* _TASK DIRECTIONS_: Set down again each entry exactly as it reads, pictures excluded.
--------
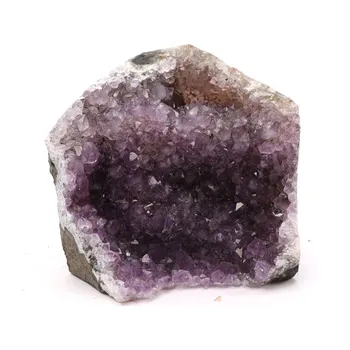 Drahý kámen Ametyst drúza 0.570 kg #2298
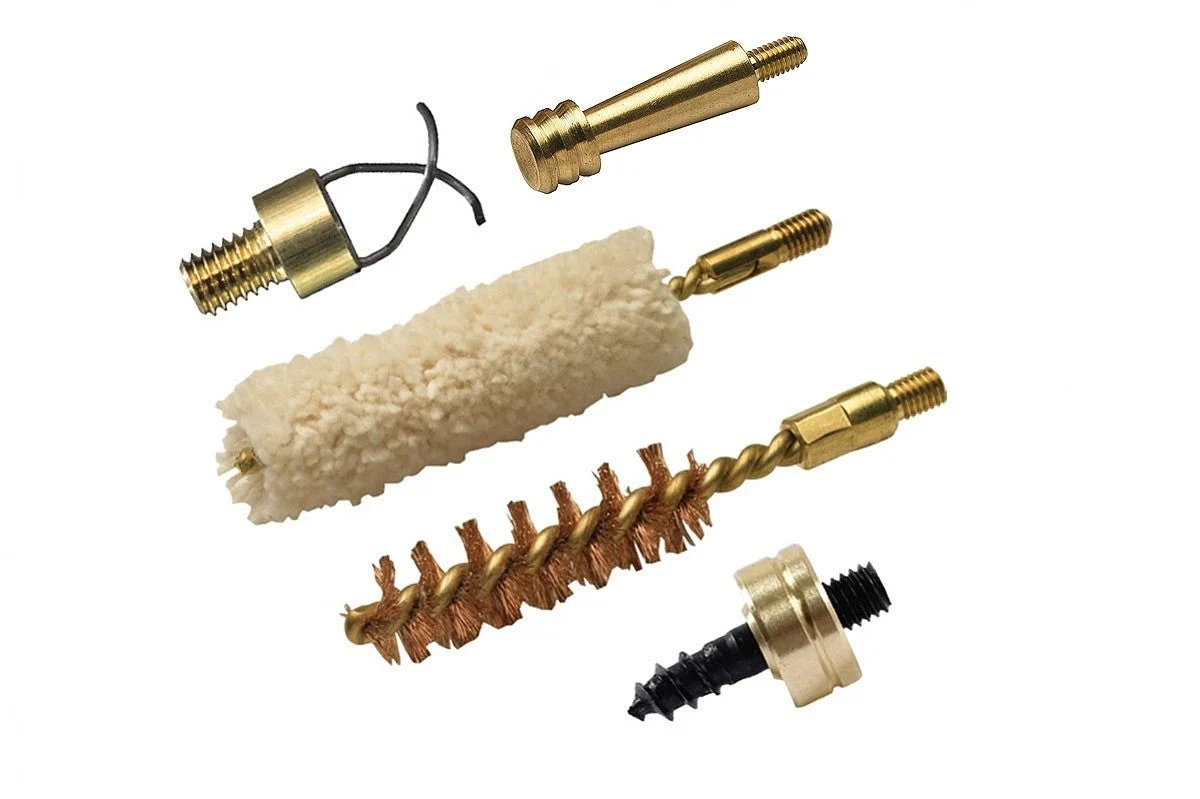 Muzzle-Loaders Deluxe Ramrod Accessories Pack - .50 Caliber - MZ1467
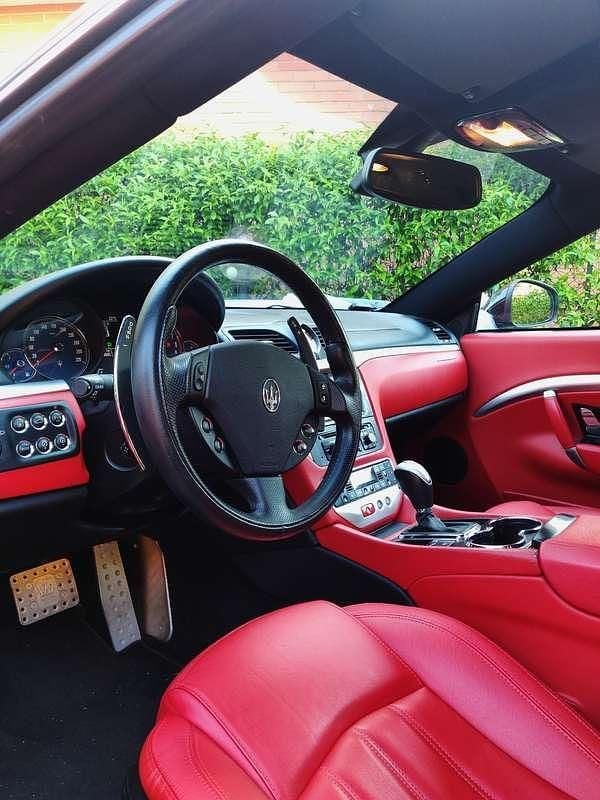 Usata Maserati Granturismo 450 CV (330 kW) 2010 Coupé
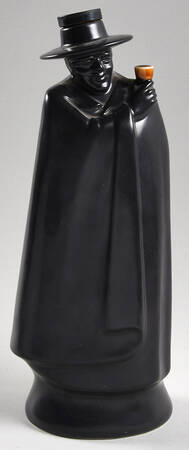 Sandeman the Don Decanters The Don - Right Hand - With Box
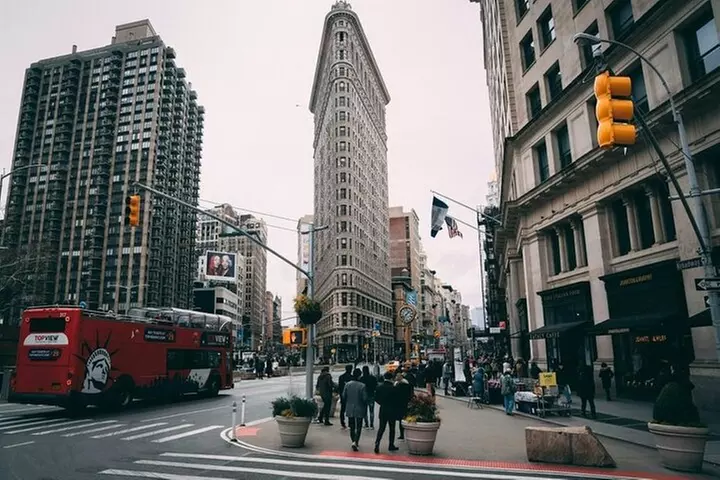 The 9/11 Ground Zero and Manhattan Walking Tour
--------
* _WRITTEN RESPONSE_:
 Drahý kámen Ametyst drúza 0.570 kg #2298
 Muzzle-Loaders Deluxe Ramrod Accessories Pack - .50 Caliber - MZ1467
 Usata Maserati Granturismo 450 CV (330 kW) 2010 Coupé
 Sandeman the Don Decanters The Don - Right Hand - With Box
 The 9/11 Ground Zero and Manhattan Walking Tour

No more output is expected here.